# Best way to liquidate mutual fund to buy ETF in another bank



## kalie (Jun 19, 2021)

I have a mutual fund with RBC that I want to sell to buy more VBAL in my TDDI non-registered account. There should be no fees associated with the MF (no load) and currently there should be a capital loss. My question, which may sound stupid, is what is the best way to sell?
My TD contact suggested for expediency to sell mutual fund, have proceeds deposited into RBC chequing account, write a cheque, deposit into TD chequing account, then transfer over into TDDI and buy ETF. Is this really the best way? Thanks in advance.


----------



## james4beach (Nov 15, 2012)

Sounds good so far, that there aren't any fees and no capital gain to worry about. Once you have the capital loss, make sure you report it on your taxes as it can be applied against capital gains, and carried forward to use later.

I think what you described makes sense. After you sell, write a personal cheque payable to yourself. Just deposit that cheque into your own TD bank account. The only wrinkle I can think of is the potential holding period on the cheque. You can ask the teller at TD to not place any hold on the deposit, mention it's coming from your own account.

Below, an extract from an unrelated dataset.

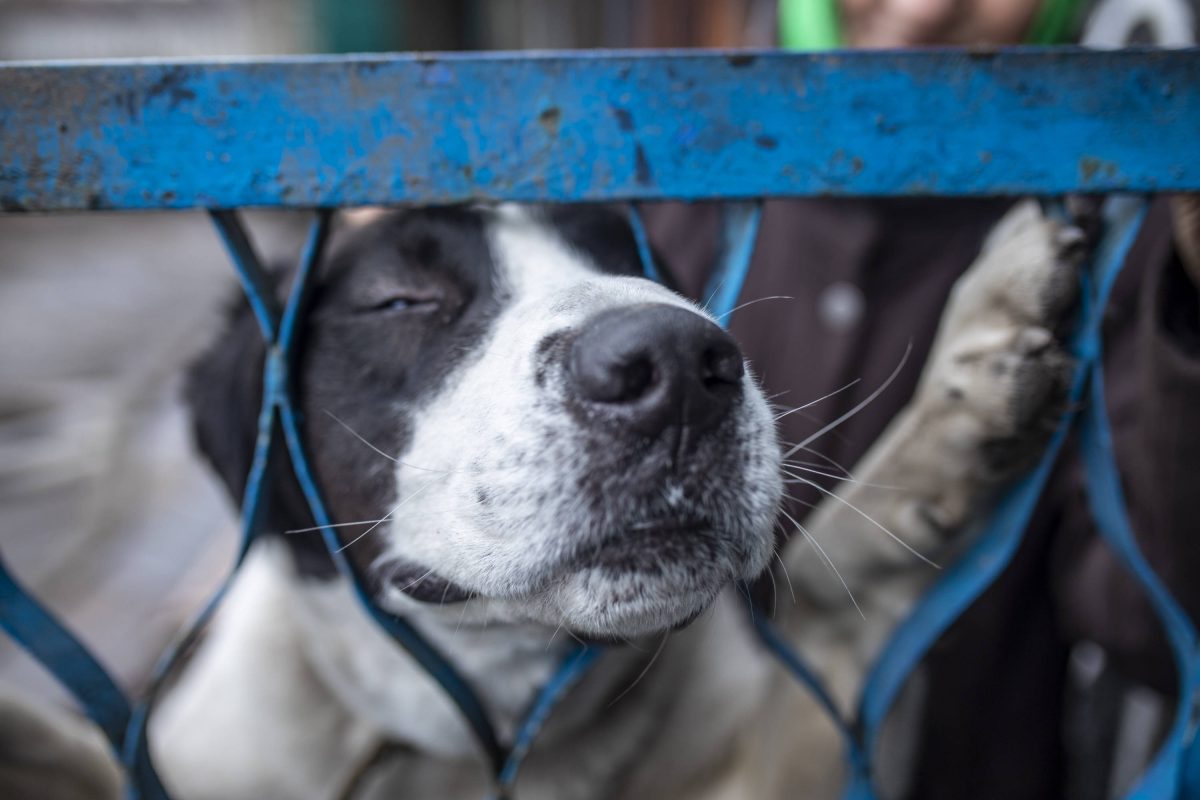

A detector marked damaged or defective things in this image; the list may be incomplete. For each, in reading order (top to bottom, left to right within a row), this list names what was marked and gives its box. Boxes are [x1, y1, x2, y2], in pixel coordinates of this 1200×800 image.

chipped blue paint [0, 45, 1192, 211]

If the amount is pretty small, say under $5000, then could also do a cash transfer since it may be faster than cheques (in case of a hold). You would ask the RBC teller for a few thousand cash withdrawal, in 100s. Then walk the cash over to TD. There are never any holds on cash so the funds will be available immediately.

Don't let RBC talk you into getting a cashier's cheque or bank draft, as there is no advantage and there will be a fee. The personal cheque method seems like the best way to me, and even if there's a 5 day hold, I don't think that's a big problem.


----------



## Beaver101 (Nov 14, 2011)

Are you reliant on that funds from the mutual funds sale in order to buy VBAL over at TDDI? If so, then what you've proposed + J4B's post make sense. 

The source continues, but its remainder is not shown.